Audit reveals unpaid fees and staffing issues at Malaysian High Commission in New Delhi


PETALING JAYA: An audit of the High Commission of Malaysia in New Delhi has revealed that premium and rental fees totaling INR 216,240 (RM11,933) and INR 5,406 (RM298) per year, respectively, remain unpaid to the Indian government.

The Auditor-General's Report Series 3 indicates that the high commission sent a diplomatic note to the Indian Ministry of External Affairs on March 15, seeking confirmation on its obligation to repay the annual rent.

Wisma Putra received an acknowledgment on Sept 9, but the Indian government has yet to make a claim.

The report highlights that the issue of premium and rental payments relates to reciprocity under Article 23(1) of the Vienna Convention on Diplomatic Relations, as stipulated in the Diplomatic Privileges (Vienna Convention) Act 1966 [Act 636].
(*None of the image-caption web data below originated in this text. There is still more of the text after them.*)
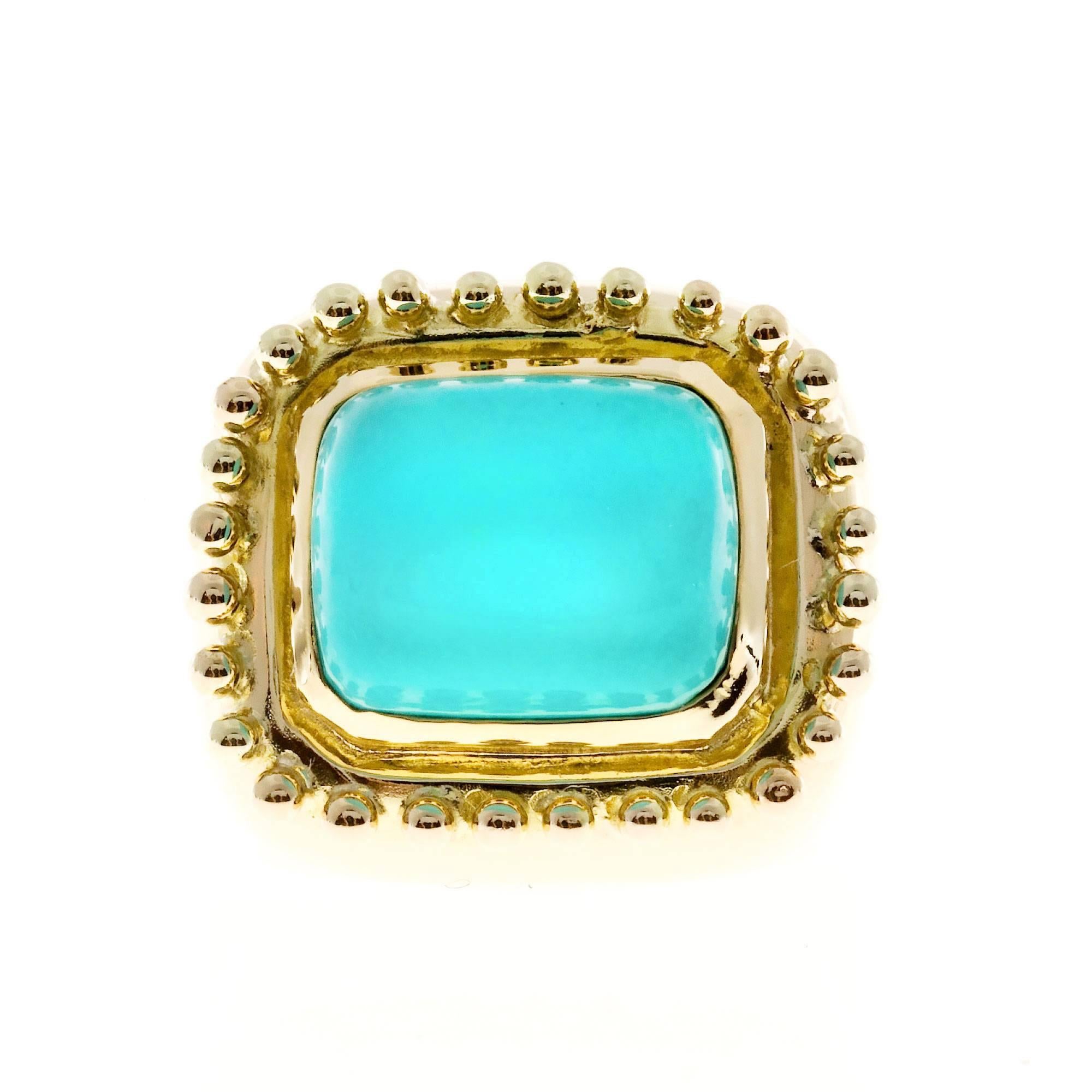 1960s heavy 14k yellow gold ring with a GIA certified natural untreated bright greenish blue Turquoise.

1 cabochon cushion greenish blue Turquoise, 10.98 x 13.62 x 16.15mm, GIA certificate #517254283
14k yellow gold
Tested: 14k
18.7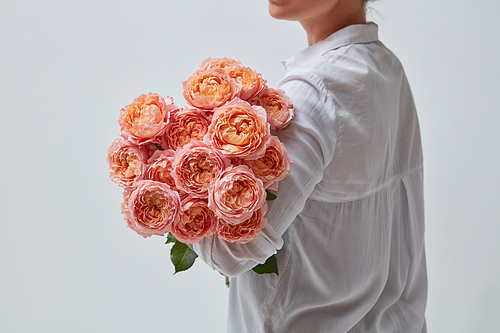 A very beautiful bouquet of pink roses is held by a woman. the best gift for a girl in Valentine's Day.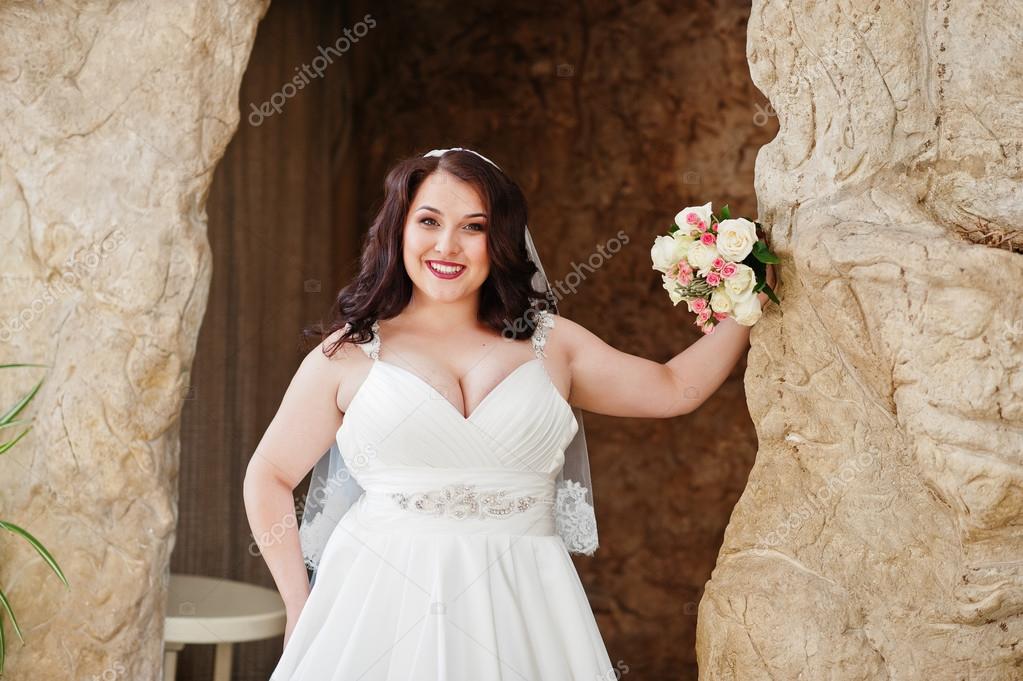 Big Breasts Brunette Bride With Wedding Bouquet Posed At Wedding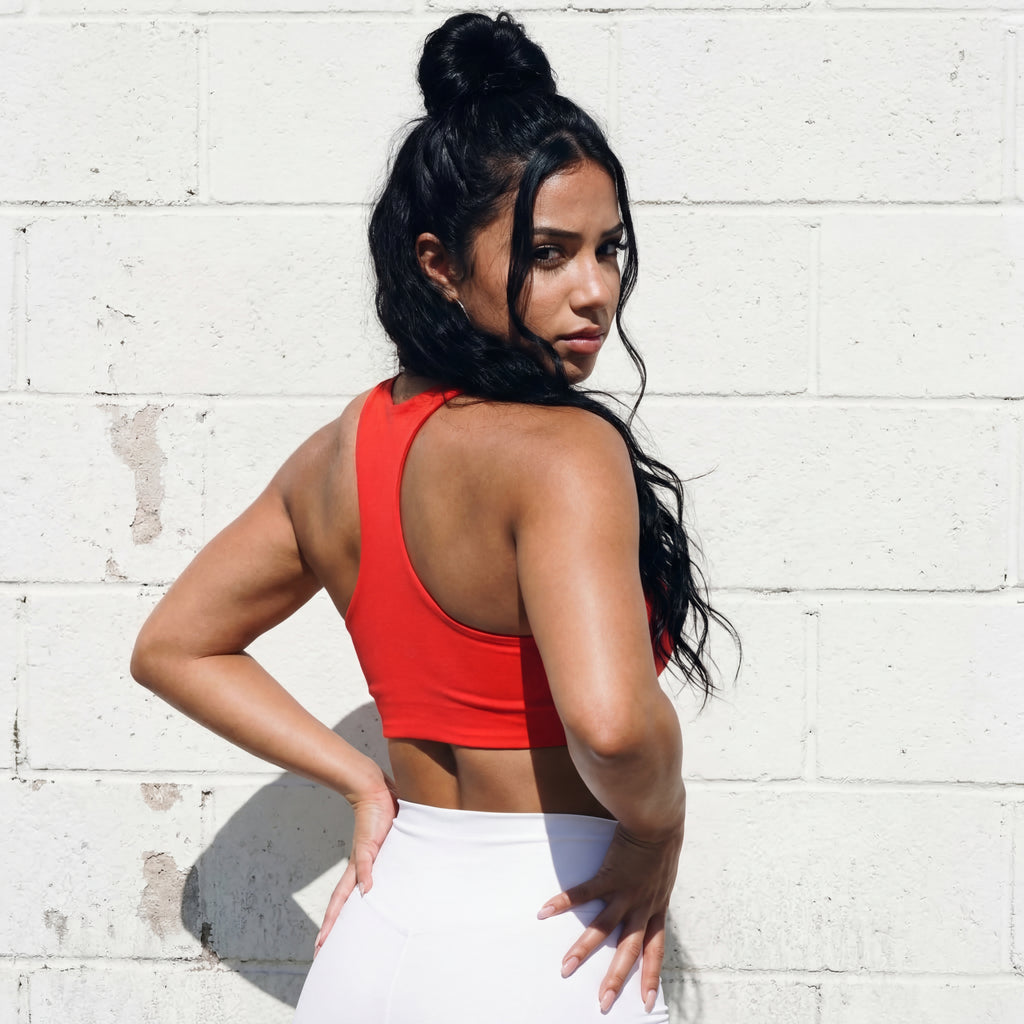 Red sports bra back view with wide straps and criss-cross X detail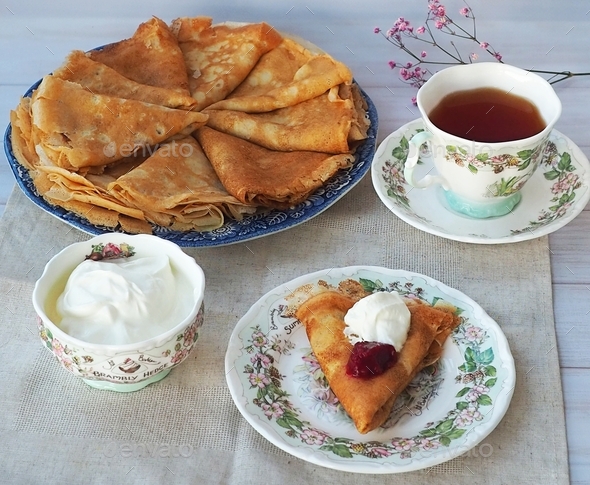 Homemade tea party on Maslenitsa - Russian pancakes bliny with fresh sour cream and tea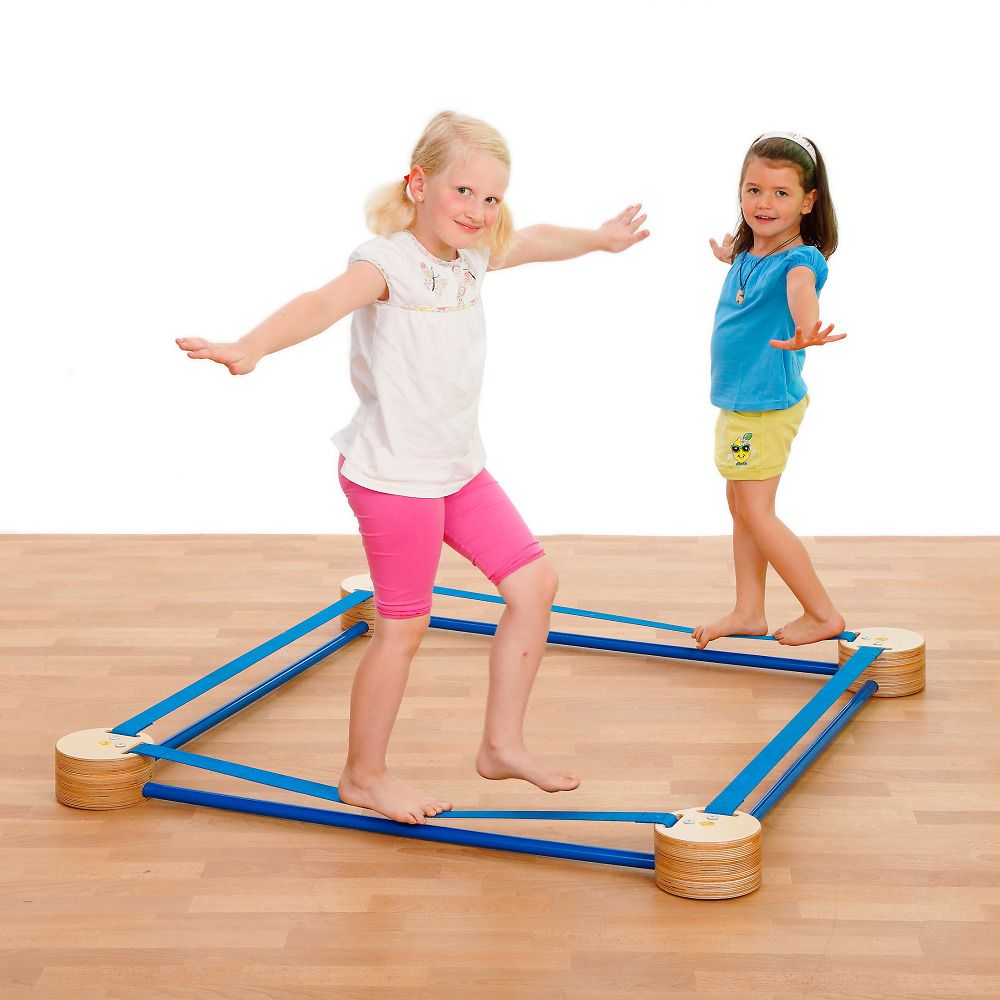 Zwei Mädchen balancieren auf einem quadratischen Slackspot mit blauen Gurten und Holzsockeln.
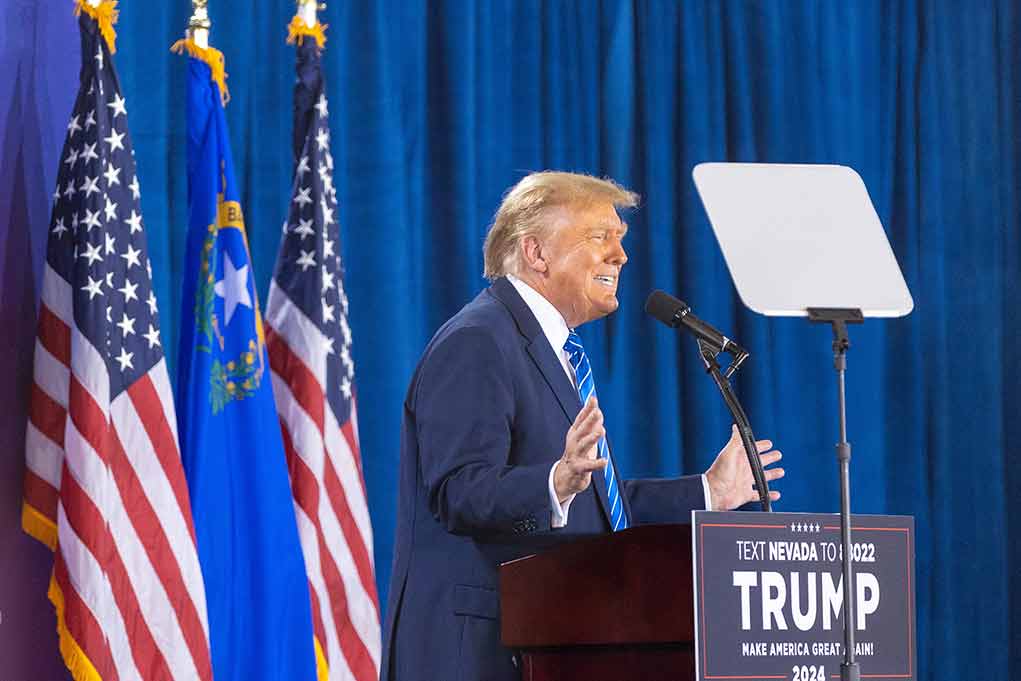 Person speaking at podium with flags in background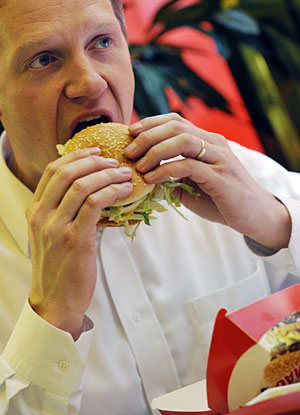 El director de McDonalds en Hungría come una hamburguesa de su restaurante. (Foto: Attila Kisbenedek | AFP)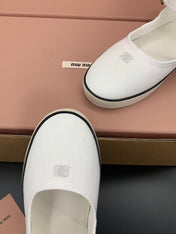 MIUMIU 26S MARY JANE FLATS IN WHITE CANVAS LOGO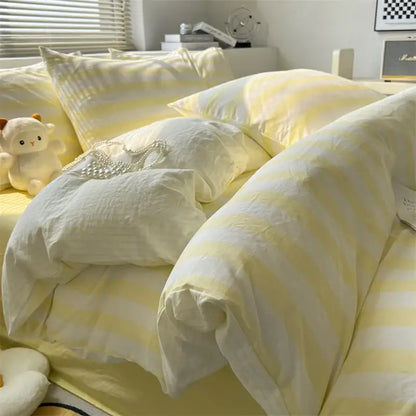 Cream striped quilted duvet cover with pale yellow stripes on a bed on Tampa Home & Garden Store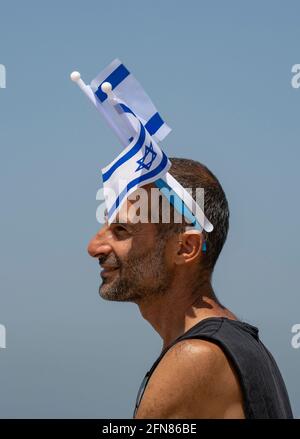 Tel Aviv, Israel - 15. April 2021: Ein Mann, der am 73. Unabhängigkeitstag Israels die israelische Nationalflagge auf dem Kopf trägt. Stockfoto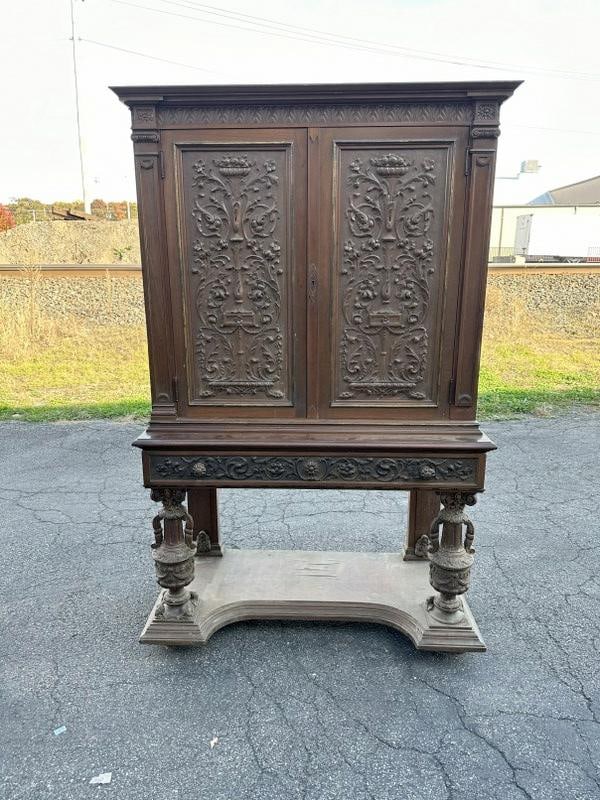 Circa 1900 heavily carved walnut cabinet, from big estate in Highland, N.Y. Structurally sound, a: Circa 1900 heavily carved walnut cabinet, from big estate in Highland, N.Y. Structurally sound, a few veneer pieces lifted up on base, does not detract from this good looking cabinet. Measures 71 1/2"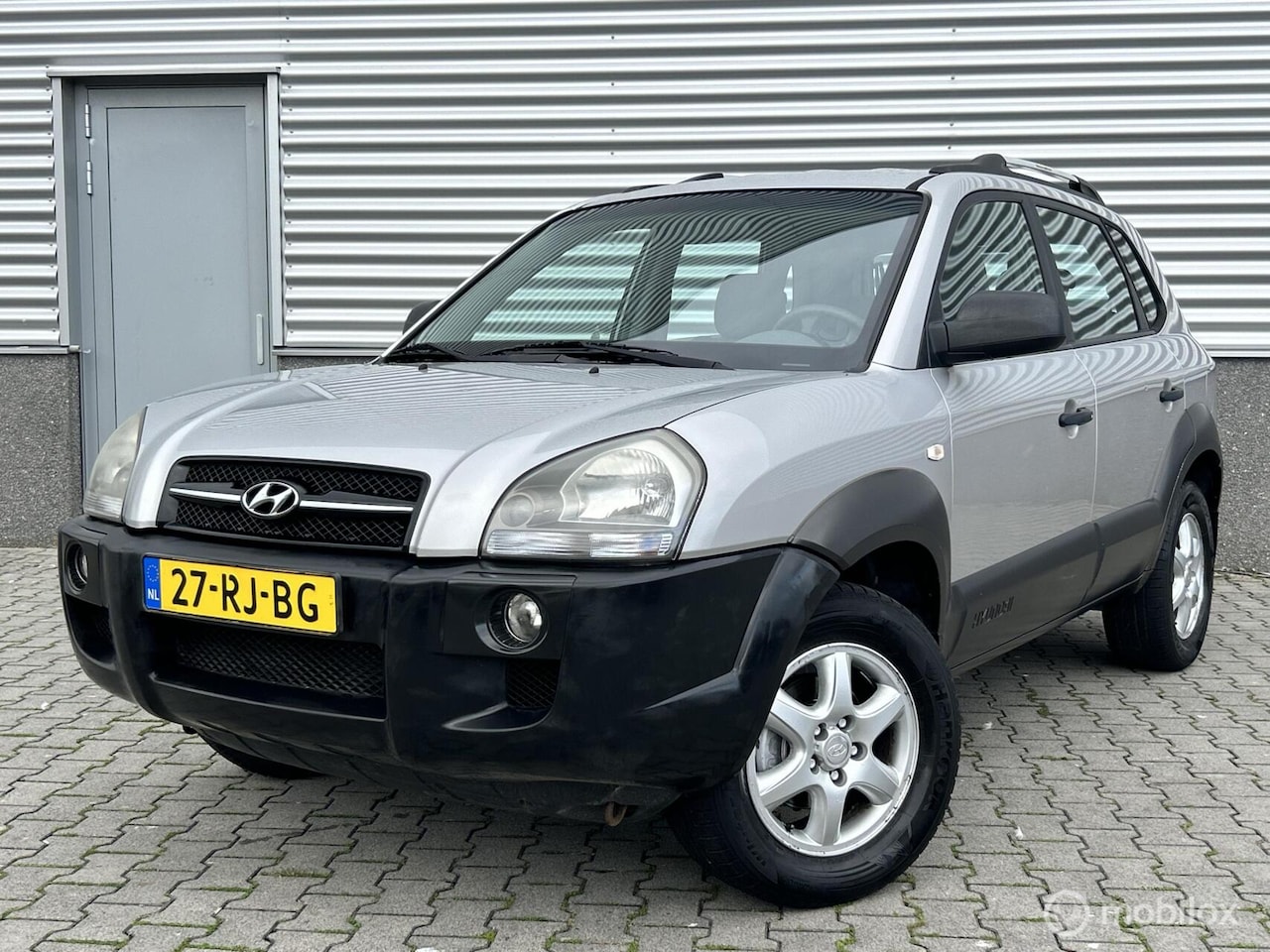 Hyundai Tucson - 2.0i Active 2.0i Active - AutoWereld.nl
Additionally, the audit found that the high commission has not filled positions according to the employment warrant approved by the Public Service Department.

Notably, the High Commissioner is a JUSA B Grade officer instead of the approved JUSA A Grade officer.

The high commission also did not comply with the employment warrant, which mandates 10 Malaysians and 35 local staff.

Other findings include a change in the scope of work for repairing 24 CCTV cameras to the replacement of 29 units, costing INR 445,000 (RM24,557), representing 24.7% of the total project cost of INR 1,800,680 (RM99,371), which was not presented to the Approval Committee.

Feedback regarding the CCTV project was received on March 20, indicating that a Change of Work Directive Committee was established at the representative level, convening on March 4.

Chaired by High Commissioner Datuk Muzafar Shah Mustafa, the committee approved specification changes or alterations for the upgrade of the CCTV Security Control System at the Malaysian High Commission Complex in New Delhi.

However, the audit team noted that the 29 new CCTV units, supplied on Oct 17, 2023, had not been registered in the high commission's asset register as of the audit date, a delay of 133 days.

Among other findings were the performance bond for procuring CCTV cameras and painting for the home based staff, which was executed via a cheque with a three-month validity period, rather than following the applicable procurement methods.

This practice does not comply with the Treasury Circular on Government Procurement 4.2.